Toutes les fiertés ne défilent pas de la même façon… Début octobre, les Galeries Lafayette fêteront leur premier anniversaire à Nîmes. Pour l’occasion, plusieurs animations sont prévues et la direction souhaitait notamment organiser un défilé devant l’établissement de la rue Général-Perrier. Une demande d’interruption de la circulation pendant quelques heures avait donc été adressée à la Ville. Refus. De quoi provoquer, dans un premier temps, l’incompréhension des représentants du grand magasin. D’autant que la même artère avait déjà été fermée à la circulation en juin pour permettre le passage de la Marche des fiertés. Mais depuis, les choses ont évolué. La Ville a proposé une solution alternative aux Galeries Lafayette permettant finalement l’organisation du défilé sans fermer totalement la rue à la circulation. Une proposition en discussion avec l’enseigne. Comme quoi, entre circuler et défiler, il suffisait peut-être de trouver le bon compromis. Et cette fois, tout le monde pourra être fier de défiler…
Le boulevard McHugo’s ? On le sait, le commerce de centre-ville souffre et Nîmes n’échappe pas à la règle. Baisse d’activité, hausse des charges, difficultés de recrutement : pour certains professionnels, l’équation devient de plus en plus compliquée.
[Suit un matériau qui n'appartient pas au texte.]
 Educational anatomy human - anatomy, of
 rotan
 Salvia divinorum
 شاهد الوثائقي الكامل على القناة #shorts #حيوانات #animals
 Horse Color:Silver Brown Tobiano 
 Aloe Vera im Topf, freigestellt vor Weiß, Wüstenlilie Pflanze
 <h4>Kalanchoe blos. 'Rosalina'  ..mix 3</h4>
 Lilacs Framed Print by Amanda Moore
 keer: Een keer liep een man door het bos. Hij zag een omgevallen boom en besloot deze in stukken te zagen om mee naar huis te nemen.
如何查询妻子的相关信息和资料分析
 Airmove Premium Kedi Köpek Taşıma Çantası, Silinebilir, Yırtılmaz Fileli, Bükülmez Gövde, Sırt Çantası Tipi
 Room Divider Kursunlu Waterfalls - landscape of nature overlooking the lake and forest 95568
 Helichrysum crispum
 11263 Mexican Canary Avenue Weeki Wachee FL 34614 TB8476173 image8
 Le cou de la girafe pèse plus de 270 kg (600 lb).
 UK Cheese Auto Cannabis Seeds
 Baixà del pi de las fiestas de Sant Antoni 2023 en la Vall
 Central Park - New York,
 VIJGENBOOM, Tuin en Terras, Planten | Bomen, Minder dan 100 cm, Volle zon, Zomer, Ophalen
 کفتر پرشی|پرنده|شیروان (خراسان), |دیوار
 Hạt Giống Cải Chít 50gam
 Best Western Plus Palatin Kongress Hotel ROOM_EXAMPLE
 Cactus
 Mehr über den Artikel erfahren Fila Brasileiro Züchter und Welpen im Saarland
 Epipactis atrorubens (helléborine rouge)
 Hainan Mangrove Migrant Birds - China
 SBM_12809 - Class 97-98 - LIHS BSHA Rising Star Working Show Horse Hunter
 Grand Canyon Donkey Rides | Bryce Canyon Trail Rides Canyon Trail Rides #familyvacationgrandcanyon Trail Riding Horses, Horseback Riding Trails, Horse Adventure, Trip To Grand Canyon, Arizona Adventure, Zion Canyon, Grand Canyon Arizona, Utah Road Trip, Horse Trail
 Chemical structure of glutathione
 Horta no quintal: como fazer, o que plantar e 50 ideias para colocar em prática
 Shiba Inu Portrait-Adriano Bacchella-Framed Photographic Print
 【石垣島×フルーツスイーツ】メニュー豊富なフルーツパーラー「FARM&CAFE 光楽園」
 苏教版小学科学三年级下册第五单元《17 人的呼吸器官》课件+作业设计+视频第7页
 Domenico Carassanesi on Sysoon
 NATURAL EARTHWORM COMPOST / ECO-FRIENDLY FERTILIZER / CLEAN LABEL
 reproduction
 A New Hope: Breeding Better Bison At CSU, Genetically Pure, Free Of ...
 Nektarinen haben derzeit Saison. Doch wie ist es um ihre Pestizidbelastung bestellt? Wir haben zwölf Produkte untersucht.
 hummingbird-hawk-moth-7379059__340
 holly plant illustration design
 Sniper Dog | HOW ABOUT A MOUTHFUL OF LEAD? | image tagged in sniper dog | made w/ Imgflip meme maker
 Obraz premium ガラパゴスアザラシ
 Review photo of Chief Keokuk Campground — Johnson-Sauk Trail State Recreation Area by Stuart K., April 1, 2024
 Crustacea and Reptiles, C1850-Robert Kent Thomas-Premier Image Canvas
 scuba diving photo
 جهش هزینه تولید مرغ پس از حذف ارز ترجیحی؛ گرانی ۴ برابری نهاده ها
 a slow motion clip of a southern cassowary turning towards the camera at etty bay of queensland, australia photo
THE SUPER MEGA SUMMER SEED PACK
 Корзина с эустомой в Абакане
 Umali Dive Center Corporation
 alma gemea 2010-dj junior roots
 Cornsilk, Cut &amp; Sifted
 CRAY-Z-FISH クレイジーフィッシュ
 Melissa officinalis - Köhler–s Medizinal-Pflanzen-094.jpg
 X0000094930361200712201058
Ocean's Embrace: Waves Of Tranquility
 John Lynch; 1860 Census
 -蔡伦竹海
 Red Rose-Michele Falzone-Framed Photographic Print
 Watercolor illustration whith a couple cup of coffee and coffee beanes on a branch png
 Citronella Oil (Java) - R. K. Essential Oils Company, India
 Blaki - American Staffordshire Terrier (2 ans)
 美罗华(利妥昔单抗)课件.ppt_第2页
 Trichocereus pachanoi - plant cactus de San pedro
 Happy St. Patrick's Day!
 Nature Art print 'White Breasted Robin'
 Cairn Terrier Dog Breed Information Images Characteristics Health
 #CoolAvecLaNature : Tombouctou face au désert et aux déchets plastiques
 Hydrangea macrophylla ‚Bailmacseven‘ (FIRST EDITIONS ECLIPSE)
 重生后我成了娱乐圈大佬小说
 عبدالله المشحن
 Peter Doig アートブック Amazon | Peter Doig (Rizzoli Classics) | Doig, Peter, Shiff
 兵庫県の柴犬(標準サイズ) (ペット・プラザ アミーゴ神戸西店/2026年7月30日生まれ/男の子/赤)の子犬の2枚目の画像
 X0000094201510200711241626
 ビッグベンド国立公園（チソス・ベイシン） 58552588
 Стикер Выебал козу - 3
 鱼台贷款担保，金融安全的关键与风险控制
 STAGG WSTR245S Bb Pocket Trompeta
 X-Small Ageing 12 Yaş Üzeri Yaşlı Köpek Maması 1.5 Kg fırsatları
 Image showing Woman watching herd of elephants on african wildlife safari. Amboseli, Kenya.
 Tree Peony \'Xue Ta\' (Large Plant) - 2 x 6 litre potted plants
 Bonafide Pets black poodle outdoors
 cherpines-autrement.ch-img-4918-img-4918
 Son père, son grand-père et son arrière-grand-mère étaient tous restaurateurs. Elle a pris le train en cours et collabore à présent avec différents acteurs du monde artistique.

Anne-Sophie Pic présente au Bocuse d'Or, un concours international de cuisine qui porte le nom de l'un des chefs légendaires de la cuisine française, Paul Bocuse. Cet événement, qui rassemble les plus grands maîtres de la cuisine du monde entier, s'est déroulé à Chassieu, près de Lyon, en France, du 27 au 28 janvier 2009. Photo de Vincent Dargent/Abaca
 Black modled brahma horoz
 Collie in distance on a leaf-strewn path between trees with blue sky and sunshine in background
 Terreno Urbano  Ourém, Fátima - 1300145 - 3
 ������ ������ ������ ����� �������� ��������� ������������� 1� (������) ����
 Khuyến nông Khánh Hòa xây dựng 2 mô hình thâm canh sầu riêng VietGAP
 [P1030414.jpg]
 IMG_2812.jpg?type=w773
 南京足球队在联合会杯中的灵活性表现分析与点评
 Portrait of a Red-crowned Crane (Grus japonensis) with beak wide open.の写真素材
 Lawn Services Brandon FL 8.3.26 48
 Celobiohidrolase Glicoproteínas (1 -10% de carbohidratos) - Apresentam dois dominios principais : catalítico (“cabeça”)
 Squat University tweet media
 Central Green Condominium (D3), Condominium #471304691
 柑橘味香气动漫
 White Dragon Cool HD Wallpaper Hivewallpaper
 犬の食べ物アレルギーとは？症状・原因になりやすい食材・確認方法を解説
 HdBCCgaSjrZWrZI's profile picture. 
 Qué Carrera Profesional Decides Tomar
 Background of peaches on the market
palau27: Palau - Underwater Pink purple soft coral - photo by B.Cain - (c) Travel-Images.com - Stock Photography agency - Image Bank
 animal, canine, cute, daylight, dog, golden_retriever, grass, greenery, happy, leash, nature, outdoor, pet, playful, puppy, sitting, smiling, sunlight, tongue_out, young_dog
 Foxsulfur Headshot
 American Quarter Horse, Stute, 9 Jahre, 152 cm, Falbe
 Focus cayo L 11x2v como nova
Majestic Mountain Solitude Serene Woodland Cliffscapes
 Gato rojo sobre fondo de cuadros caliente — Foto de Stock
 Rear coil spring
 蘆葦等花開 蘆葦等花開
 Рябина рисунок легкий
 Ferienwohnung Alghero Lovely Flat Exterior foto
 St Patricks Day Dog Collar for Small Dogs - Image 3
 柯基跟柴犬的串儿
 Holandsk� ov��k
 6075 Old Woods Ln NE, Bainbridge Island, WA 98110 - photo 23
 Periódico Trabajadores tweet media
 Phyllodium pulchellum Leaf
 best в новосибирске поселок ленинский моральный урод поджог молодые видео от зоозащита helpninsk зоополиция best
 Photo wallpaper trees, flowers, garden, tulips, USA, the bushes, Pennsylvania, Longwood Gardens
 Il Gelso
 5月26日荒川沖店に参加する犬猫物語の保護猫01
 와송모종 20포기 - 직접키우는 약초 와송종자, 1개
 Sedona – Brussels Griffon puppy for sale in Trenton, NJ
Selon nos informations, plusieurs bars et restaurants du secteur Victor-Hugo chercheraient aujourd’hui à céder leur fonds de commerce. Une évolution à surveiller dans un secteur où la restauration rapide occupe déjà une place importante. Le boulevard Victor-Hugo finira-t-il, lui aussi, par devenir le boulevard fast-food Hugo ?
Un DJ star dans les arènes en 2027 ? C’est une jolie performance qu’a réussie le Lunellois Mathis Bouloc, fondateur de Sunday Music, en faisant venir Black Coffee dans les arènes de Nîmes et en réunissant 14 000 spectateurs le 8 mai dernier. Le passionné de musique électro a encore rassemblé une foule importante dimanche dernier sur le tarmac de l’aéroport Montpellier-Méditerranée. Et Sunday Music prépare déjà son retour à Nîmes. Selon nos informations, une soirée électro est programmée dans les arènes au printemps 2027 et la date du samedi 24 avril aurait reçu le feu vert de la Ville. L’artiste serait même déjà calé. Son nom, en revanche, reste jalousement gardé. « Vu l’artiste, tous les billets vont rapidement partir », assure une source bien renseignée. De quoi réjouir les commerçants du centre-ville, qui avaient particulièrement apprécié l’affluence générée par Black Coffee. Et de quoi donner l’eau à la bouche avant une année 2027 qui marquera aussi les 30 ans du Festival de Nîmes.